BEGIN

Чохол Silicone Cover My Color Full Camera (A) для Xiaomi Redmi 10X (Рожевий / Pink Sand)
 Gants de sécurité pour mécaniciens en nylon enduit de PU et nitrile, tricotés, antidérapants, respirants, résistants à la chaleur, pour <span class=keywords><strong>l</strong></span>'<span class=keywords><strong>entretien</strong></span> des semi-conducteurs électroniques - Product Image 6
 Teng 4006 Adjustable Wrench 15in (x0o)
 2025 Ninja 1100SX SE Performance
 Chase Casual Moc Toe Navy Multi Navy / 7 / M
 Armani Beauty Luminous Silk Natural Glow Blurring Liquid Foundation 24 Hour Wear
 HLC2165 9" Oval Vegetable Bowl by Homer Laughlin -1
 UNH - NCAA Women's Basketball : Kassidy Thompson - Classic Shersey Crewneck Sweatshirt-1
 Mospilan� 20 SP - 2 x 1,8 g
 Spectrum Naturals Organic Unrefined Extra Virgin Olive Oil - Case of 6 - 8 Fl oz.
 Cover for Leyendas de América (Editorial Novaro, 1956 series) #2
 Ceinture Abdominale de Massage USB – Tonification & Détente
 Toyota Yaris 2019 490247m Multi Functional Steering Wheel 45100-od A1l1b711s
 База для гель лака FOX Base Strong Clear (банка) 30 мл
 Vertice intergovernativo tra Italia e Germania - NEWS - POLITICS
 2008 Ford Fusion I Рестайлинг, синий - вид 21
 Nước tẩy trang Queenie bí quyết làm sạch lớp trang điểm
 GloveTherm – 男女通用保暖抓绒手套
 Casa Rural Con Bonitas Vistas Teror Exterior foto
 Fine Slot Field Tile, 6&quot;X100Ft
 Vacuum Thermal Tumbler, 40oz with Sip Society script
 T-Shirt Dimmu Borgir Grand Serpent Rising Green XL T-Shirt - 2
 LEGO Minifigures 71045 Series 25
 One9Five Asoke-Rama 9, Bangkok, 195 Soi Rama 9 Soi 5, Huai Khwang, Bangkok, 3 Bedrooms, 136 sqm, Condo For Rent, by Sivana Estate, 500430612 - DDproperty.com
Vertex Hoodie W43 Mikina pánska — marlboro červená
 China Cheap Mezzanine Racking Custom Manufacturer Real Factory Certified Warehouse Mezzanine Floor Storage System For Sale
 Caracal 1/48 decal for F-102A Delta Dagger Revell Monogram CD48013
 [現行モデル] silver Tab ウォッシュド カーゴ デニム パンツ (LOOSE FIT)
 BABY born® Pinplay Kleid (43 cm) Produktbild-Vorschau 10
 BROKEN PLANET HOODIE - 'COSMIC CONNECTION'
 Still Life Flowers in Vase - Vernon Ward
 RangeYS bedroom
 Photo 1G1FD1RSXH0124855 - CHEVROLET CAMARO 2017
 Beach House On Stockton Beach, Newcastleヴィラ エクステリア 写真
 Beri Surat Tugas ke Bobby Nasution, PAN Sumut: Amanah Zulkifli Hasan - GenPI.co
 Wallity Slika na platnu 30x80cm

END

REQUIRED ACTION :: Nothing but the lines from the one containing "One9Five Asoke-Rama 9, Bangkok, 195" through the last line of the material should be returned, each exactly as written, both ends included.

YOUR SOLUTION ::
 One9Five Asoke-Rama 9, Bangkok, 195 Soi Rama 9 Soi 5, Huai Khwang, Bangkok, 3 Bedrooms, 136 sqm, Condo For Rent, by Sivana Estate, 500430612 - DDproperty.com
Vertex Hoodie W43 Mikina pánska — marlboro červená
 China Cheap Mezzanine Racking Custom Manufacturer Real Factory Certified Warehouse Mezzanine Floor Storage System For Sale
 Caracal 1/48 decal for F-102A Delta Dagger Revell Monogram CD48013
 [現行モデル] silver Tab ウォッシュド カーゴ デニム パンツ (LOOSE FIT)
 BABY born® Pinplay Kleid (43 cm) Produktbild-Vorschau 10
 BROKEN PLANET HOODIE - 'COSMIC CONNECTION'
 Still Life Flowers in Vase - Vernon Ward
 RangeYS bedroom
 Photo 1G1FD1RSXH0124855 - CHEVROLET CAMARO 2017
 Beach House On Stockton Beach, Newcastleヴィラ エクステリア 写真
 Beri Surat Tugas ke Bobby Nasution, PAN Sumut: Amanah Zulkifli Hasan - GenPI.co
 Wallity Slika na platnu 30x80cm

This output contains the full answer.